# Potty Training



## Florida Cockapoo (Aug 24, 2012)

When was you poo potty trained? Piper will be 5 months when we go off on our cruise. Trying to figure out if I can get her potty train to the point of leaving her with my parents... Would save us a bit of money...


----------



## dmgalley (Aug 19, 2012)

Jake was set by five months. I think it is a dog by dog thing.

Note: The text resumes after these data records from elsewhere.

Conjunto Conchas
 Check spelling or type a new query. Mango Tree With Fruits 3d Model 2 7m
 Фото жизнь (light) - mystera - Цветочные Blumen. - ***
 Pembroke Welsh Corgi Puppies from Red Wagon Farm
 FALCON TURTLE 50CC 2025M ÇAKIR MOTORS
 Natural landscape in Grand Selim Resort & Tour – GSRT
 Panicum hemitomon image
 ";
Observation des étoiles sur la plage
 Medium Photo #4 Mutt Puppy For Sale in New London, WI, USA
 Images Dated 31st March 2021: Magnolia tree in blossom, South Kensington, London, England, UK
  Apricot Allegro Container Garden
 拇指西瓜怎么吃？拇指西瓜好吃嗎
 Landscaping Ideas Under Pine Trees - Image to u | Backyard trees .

Sent from my SGH-T999 using Tapatalk 2


----------



## dio.ren (Jan 18, 2013)

Molly hasn't had an accident in the house since she was 4 and a half months


----------



## Jedicrazy (Apr 26, 2011)

This was for Roo only. I think she was generally dry by 6 months but there was the odd accident after that so I put down 8months as it did take her a long time! I'm not sure the poll can let me vote twice so for your reference Obi was about 3.5months-4 months.


----------



## Florida Cockapoo (Aug 24, 2012)

Thanks for the answers. Yes I do know each "poo" dog is different, but does give me an ideal for Cockapoo's what the average. Since our dogs are all about the same size and intelligence. Also I know part of it is the "trainer".


----------



## Marzi (Sep 17, 2012)

The trick is when they can reliably tell you they need out...
Otherwise a good routine can make a dog appear fully trained, but in a different situation with different people it might be that there would be a relapse.


----------



## SamRinde (Jun 10, 2013)

We got Frankie the bells at around 11 weeks I think, and he hasn't had an accident in the apartment, or both my parents house and my fiancee's parents house, since about 12 weeks. This past week we took the bells down (it's annoying when we are eating because he knows we have to give them attention if he rings the bells), and he still hasn't had an accident. He has been very good with this aspect of his life.


----------



## Florida Cockapoo (Aug 24, 2012)

Marzi said:


> The trick is when they can reliably tell you they need out...
> Otherwise a good routine can make a dog appear fully trained, but in a different situation with different people it might be that there would be a relapse.


Yea I know, well in the lasted few days I have been able to "kind" of tell she needs to go out. As for routine I don't have her on a timed routine pre-say. I do let her loose in the house when we are at home. Just so she can have the ability to let me know when she needs to go out.


----------